German Court Blocks Motorola from Enforcing Patents Against Apple

Motorola Mobility suffered a nasty blow in Germany on Monday when the Karlsruhe Higher Regional Court ruled that the company can’t attempt to enforce its standards-essential patent injunction against Apple during the appeal process. That ruling essentially shuts down Motorola’s legal fight for what could be at least a year while Apple’s appeal goes before the court.

Motorola can't stop iPhone sales in GermanyMotorola can’t stop iPhone sales in Germany

“While today’s decision is only a summary and preliminary decision that [Motorola] could overturn during the course of the full-blown appellate proceedings, this indicates that Apple’s appeal is highly likely to succeed — and even if it didn’t, Apple could realistically resolve the problem with limited additional concessions,” said Florian Muller of Foss Patents.

Motorola won an injunction late last year that forced Apple to stop selling the iPhone 3 and 4, along with the iPad 2 with 3G online in Germany in early February. The injunction was, however, temporarily suspended only hours after Apple stopped sales in the country.

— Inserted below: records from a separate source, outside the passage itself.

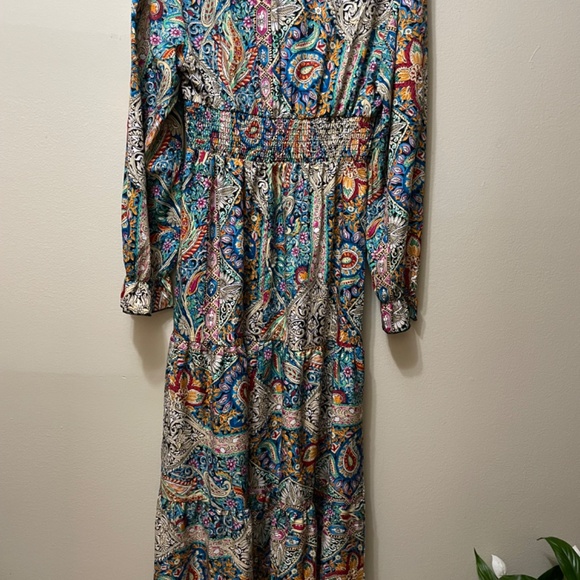 Bohemian Paisley Print V-neck Dress M Multicolor - Picture 4 of 5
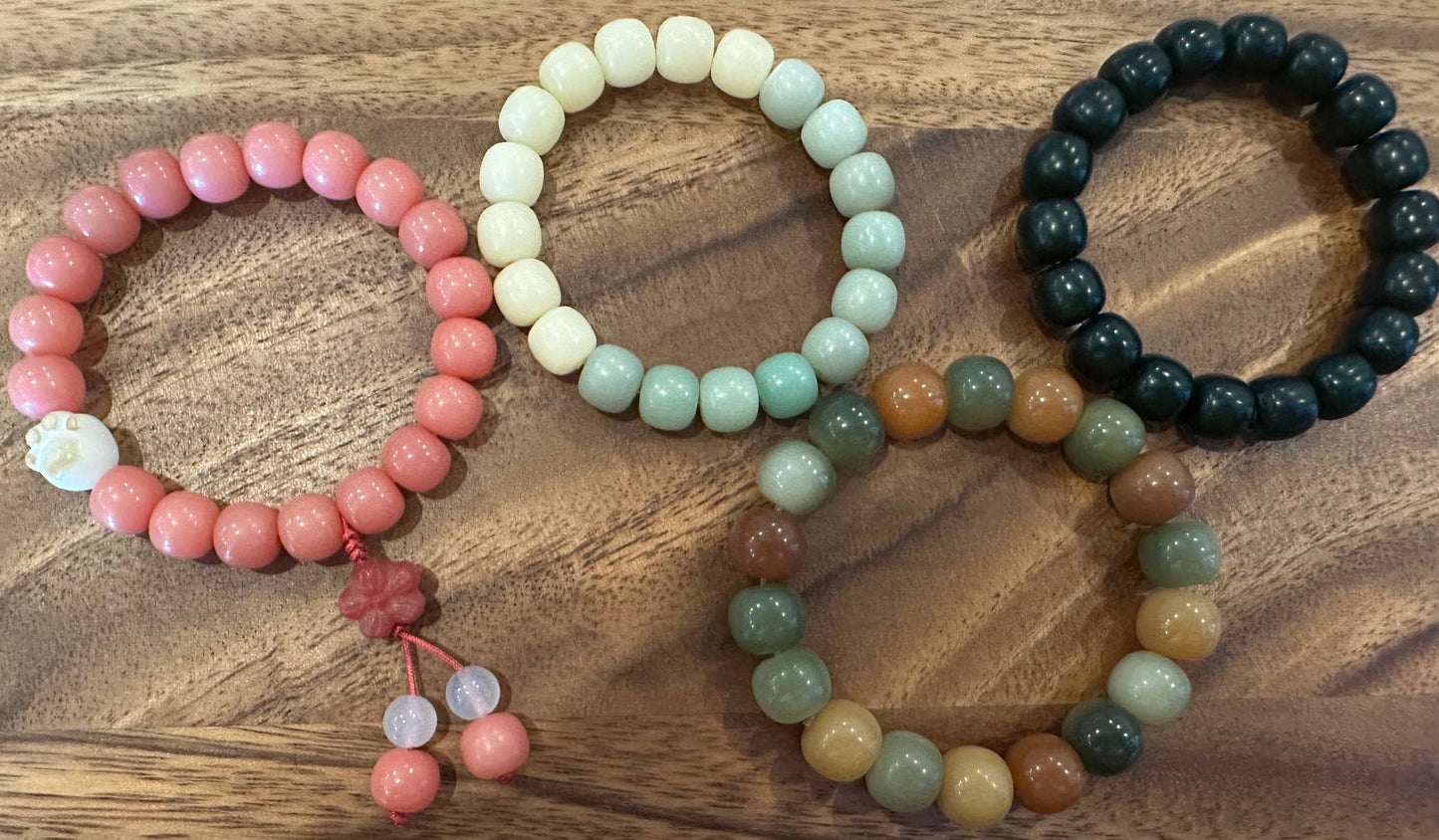 4 Luxe Bodhi Bead Bracelets (Handmade)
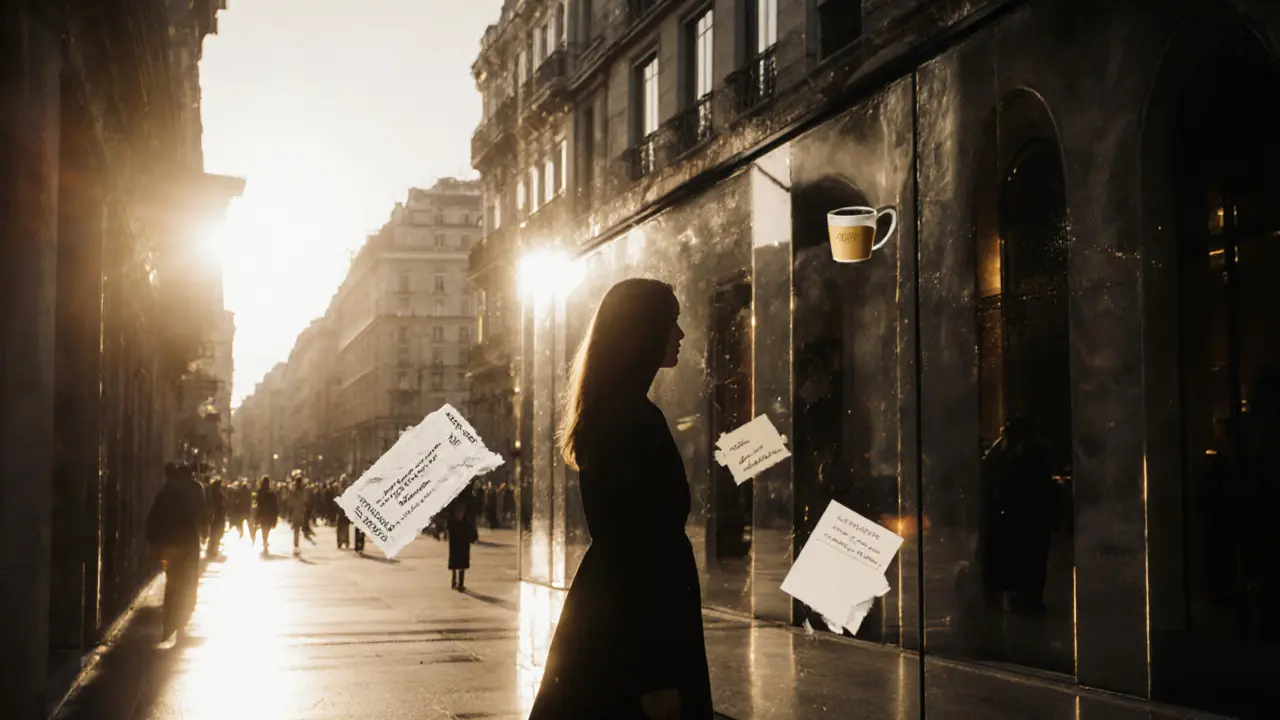 A woman stands silhouetted in Milan's fashion district as golden light blends her with the city's architecture.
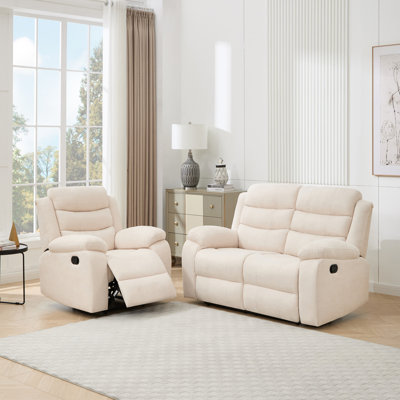 2 Piece Linen Reclining Living Room Set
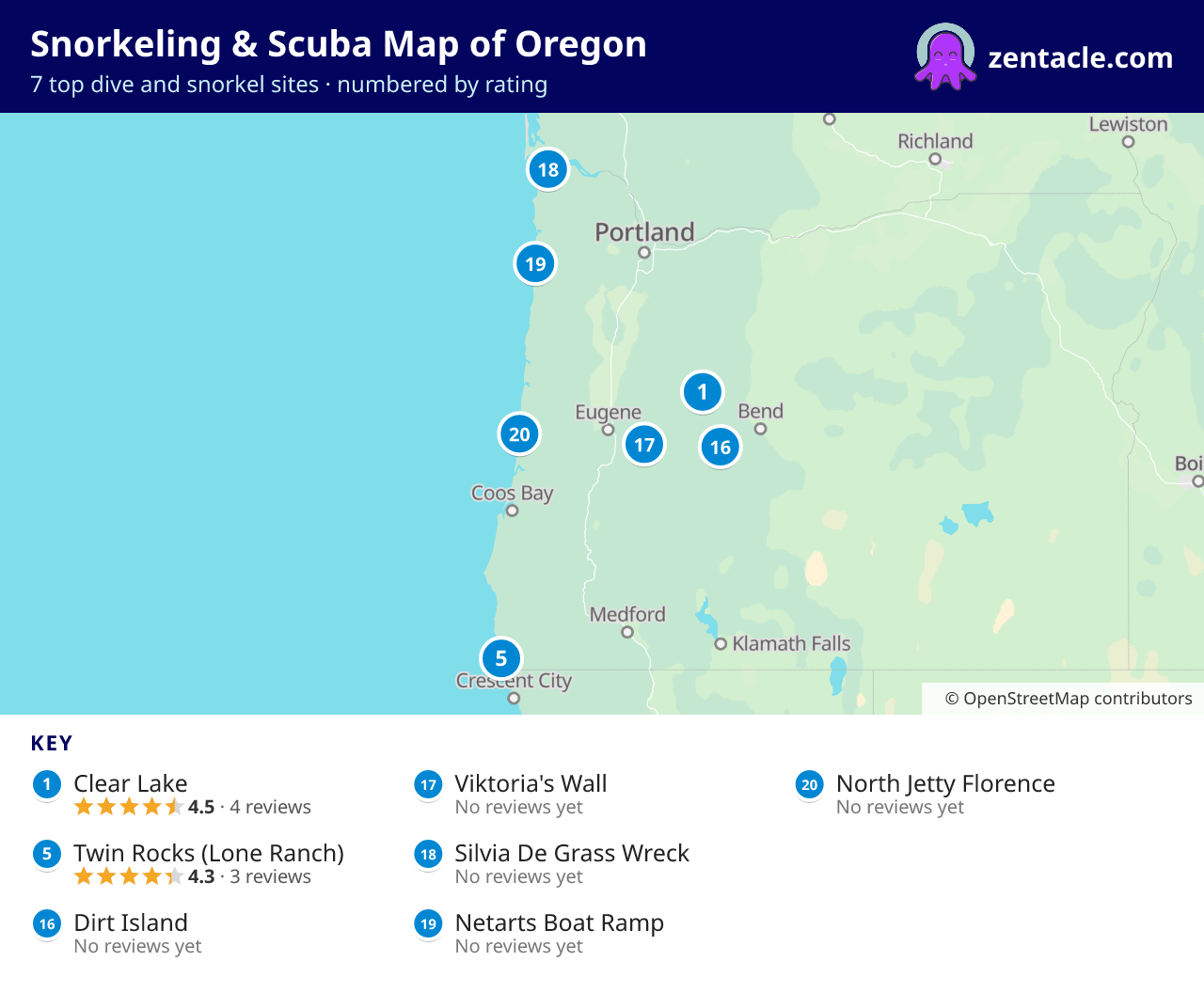 Snorkeling & Scuba Map of Oregon: numbered map of the top 7 dive and snorkel sites, with ratings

This new ruling ensures that the injunction can’t resume until the appeals process has been completed.

The new ruling is bad news for Google as well as Motorola Mobility because the Internet search giant is in the process of buying the company for its patent portfolio. Based on the Karlsruhe Higher Regional Court’s ruling today, the potential value of Motorola’s patents may be diminished in the eyes of investors — and may help support the European Union’s antitrust investigation into how Motorola licenses patents.

Motorola also has a second injunction in place that went into effect last week forcing Apple to shut down its Push email service that alerts iCloud and MobileMe users to new messages without having to first launch the Mail app. That injunction is in effect only in Germany, so Push email services are still available to iPhone and iPad users outside of the country.